Ihr kennt bestimmt auch diesen typischen Geburtstags-Grußkartenspruch „Ich wünsche Dir viel Glück und Gesundheit für das kommende Lebensjahr“, oder? In meinem Falle kann ich gar nicht genug Gesundheit gewünscht bekommen, denn dieses Jahr war wirklich fordernd für mich. Anfang des Jahres erlitt ich eine Lebensmittelvergiftung, die meinen Körper komplett aus der Bahn warf. Die Folge war eine Gastritis (Magenschleimhautentzündung), wo nebenbei Gallensteine bei der Untersuchung festgestellt wurden.
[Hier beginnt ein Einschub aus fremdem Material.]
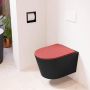 Mondiaz LAVIE wandclosetpack 36x53cm diepspoel rimless Urban (zwart) softclose quick-release toiletzitting Fire (rood) LAVIEsetUrbFir - Thumbnail 2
Daraufhin faste ich den Entschluss eines von meinen zwei Diabetes-Medikamenten abzusetzen, was der Startschuss für eine wilde Blutzucker-Achterbahnfahrt war, welche mir seit Mitte des Jahres einen HbA1c-Wert von > 7 Prozent beschert. Neben zahlreichen Infektionen, die seit der „C“-Pandemie zunehmend mehr geworden sind, kämpfe ich auch seit einigen Wochen gegen hormonelle Veränderungen, die mit viel Wassereinlagerungen einhergehen. Dieses Jahr ist/war echt der Wurm drin. Wobei von einem Wurm nicht die Rede ist, sondern viel mehr von einem Basilisken! (Harry Potter-Fans wissen, was ich meine…)
Natürlich war nicht alles doof. Ganz im Gegenteil! Ich hatte wunderschöne Urlaube und Auszeiten, habe eine neue Sportart (Yoga) für mich entdeckt und angefangen intensive Stretching-Einheiten in meinen Alltag zu integrieren, um Stress zu minimieren. Ich konnte ganz viel „quality time“ mit meinen Liebsten verbringen und das ein oder andere coole (Dia-)Event, wie z. B. die Diabetes Charity Gala, das erste Dianet(t)-Treffen oder den t1day besuchen. Alle drei Events waren einfach mega, da ich u. a. ganz viele tolle Persönlichkeiten traf und teils sogar aktiv mitwirken konnte. Für alle Erfahrungen, Chancen sowie Möglichkeiten bin ich einfach sehr dankbar!
2023 hat mir einmal mehr wieder gezeigt, wie wichtig es ist, gut für sich zu sorgen und die Warnsignale des Körpers wahrzunehmen. Diabetes ist und bleibt ein komplexes Thema, doch ich glaube, dass ich so langsam das „game“ verstanden habe.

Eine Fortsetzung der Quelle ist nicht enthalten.